Authentication in Launchpad

Overview

For most uses, Launchpad uses cookie authentication.

The cookie authentication details are stored client-side in a cookie. The cookie contains a cryptographically something token.

The token is matched up to data inside an in-memory ZODB on the server.

Launchpad also supports http basic authentication. This is what we use in page tests, as the authentication can be given one request at a time.

Login page

The +login page is in the file templates/launchpad-login.pt. It is registered as a view on the RootObject, and uses the helper class canonical.launchpad.webapp.login.LoginOrRegister.

The page offers the user the ability to log in, to go to the pages to reset a forgotten password, or to register with the system as a new user.

The /+login page at the root tells you that you have successfully logged in, when you have done so. All other +login pages immediately redirectly you to the URL with "/+login" removed when you successfully log in.

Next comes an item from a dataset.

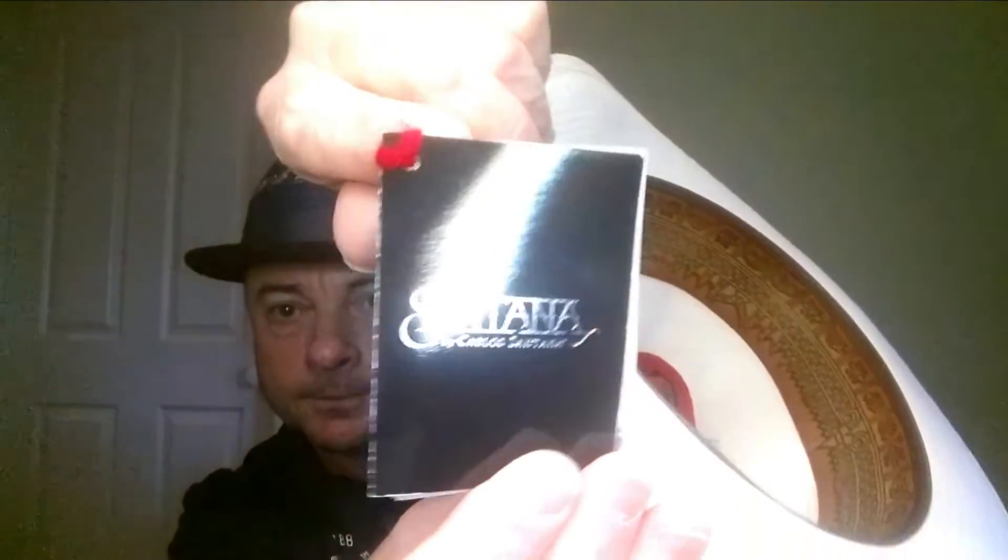They all come with a little booklet telling you everything about the hats. They're made in Mexico.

You can add /+login to the end of any URL in the system. Doing so makes the object publisher skip all of the normal traversal mechanisms, including setting new layers, to show the login page. However, virtual hosting works as usual.

Logout page

The /+logout page is available only at the root. Its template is templates/launchpad-logout.pt. It uses the class canonical.launchpad.webapp.login.CookieLogoutPage.

Forbidden page

The "403 Forbidden" page is in templates/launchpad-forbidden.pt.

It is shown when you are logged in, but try to do something that you do not have permission to do.

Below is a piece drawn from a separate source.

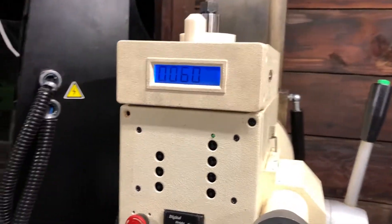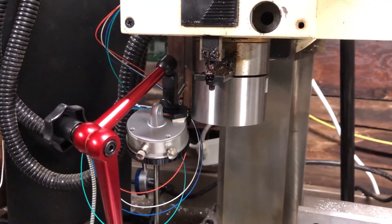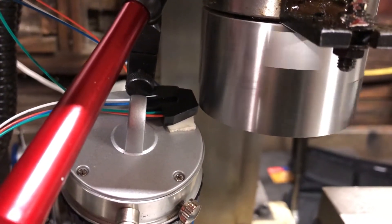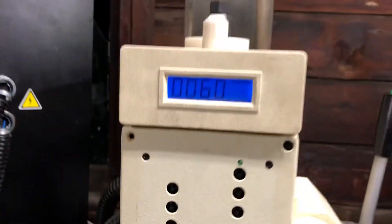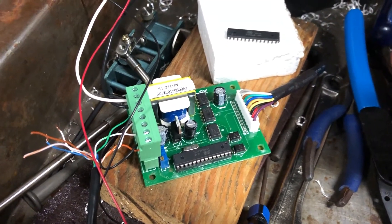Got the tachometer board working. It's at minimum speed right now. The sensor is just mounted on an indicator. The control board is connected to the little machine shop spindle controller.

In the future, this page will be able to tell you what you need to do to get permission to see the page. For example, "join the administration team for this product, or the team of owners of this product".

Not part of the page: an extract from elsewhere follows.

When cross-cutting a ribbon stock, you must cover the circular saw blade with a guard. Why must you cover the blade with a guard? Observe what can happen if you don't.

View on the Unauthorized exception

The logic to choose whether to offer login or show the forbidden page is in the view on the Unauthorized exception. This view needs to be hooked up by two different ZCML directives: one for the default layer and one for the debug layer. In either case, the same class handles this: canonical.launchpad.webapp.login.UnauthorizedView.

Magic in the object publisher

When the publisher gets a request where the URL ends in /+login, it uses a different root object than the usual one. The usual root object is in canonical.publication.RootObject. The special one is in canonical.publication.LoginRoot.

The special LoginRoot instance provides IPublishTraverse, and returns itself for each traversal, until the requests traversal stack is empty. Then, it looks up the view with whatever name is being requested on the regular RootObject, and returns that.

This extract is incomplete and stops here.